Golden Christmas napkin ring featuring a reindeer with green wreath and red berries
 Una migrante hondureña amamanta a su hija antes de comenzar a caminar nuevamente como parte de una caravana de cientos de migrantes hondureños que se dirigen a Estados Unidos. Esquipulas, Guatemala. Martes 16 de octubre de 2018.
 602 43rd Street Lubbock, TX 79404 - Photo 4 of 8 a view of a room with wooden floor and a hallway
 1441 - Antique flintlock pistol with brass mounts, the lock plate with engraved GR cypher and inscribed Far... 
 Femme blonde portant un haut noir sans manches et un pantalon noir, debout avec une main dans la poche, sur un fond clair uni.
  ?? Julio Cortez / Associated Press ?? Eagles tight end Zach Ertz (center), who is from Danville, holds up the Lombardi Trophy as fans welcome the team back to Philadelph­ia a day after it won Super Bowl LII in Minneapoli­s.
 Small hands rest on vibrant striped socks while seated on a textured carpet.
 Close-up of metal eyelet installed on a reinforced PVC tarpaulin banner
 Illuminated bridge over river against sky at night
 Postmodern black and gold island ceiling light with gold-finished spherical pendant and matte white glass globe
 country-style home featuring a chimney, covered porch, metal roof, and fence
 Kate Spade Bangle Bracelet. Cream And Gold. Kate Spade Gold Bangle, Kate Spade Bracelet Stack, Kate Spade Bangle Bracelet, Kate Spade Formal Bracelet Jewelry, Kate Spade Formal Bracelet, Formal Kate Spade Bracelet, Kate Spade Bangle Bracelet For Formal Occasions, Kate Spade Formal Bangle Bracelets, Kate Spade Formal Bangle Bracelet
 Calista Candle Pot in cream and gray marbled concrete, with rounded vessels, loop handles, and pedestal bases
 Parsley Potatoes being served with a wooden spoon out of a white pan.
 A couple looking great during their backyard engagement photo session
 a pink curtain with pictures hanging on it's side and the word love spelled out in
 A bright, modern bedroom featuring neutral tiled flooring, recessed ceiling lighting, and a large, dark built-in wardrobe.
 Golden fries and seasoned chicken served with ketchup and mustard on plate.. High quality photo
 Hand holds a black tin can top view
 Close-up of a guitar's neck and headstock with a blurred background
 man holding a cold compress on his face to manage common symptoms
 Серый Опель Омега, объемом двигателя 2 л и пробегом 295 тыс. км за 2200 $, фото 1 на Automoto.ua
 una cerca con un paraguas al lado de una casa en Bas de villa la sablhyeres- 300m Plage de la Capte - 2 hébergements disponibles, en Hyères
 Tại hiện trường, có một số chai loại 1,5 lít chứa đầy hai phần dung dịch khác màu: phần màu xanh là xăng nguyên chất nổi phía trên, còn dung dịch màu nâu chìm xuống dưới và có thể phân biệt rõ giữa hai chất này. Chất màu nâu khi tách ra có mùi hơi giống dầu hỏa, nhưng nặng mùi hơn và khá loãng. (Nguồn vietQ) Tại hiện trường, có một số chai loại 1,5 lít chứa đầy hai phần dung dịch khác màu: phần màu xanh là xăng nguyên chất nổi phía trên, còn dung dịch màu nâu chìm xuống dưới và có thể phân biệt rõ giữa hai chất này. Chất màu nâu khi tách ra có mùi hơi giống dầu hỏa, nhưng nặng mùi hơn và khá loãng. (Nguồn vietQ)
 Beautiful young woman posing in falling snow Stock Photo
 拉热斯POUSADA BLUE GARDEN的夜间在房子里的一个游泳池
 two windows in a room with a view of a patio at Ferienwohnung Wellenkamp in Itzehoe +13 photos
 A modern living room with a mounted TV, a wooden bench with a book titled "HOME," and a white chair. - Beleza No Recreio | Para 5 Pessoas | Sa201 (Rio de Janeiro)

################

**WORK ITEM**
Print exactly the lines above from the one with "A bright, modern" to the one with "Hand holds a black tin can top view", including both.

**REPLY TO THE EXERCISE**
 A bright, modern bedroom featuring neutral tiled flooring, recessed ceiling lighting, and a large, dark built-in wardrobe.
 Golden fries and seasoned chicken served with ketchup and mustard on plate.. High quality photo
 Hand holds a black tin can top view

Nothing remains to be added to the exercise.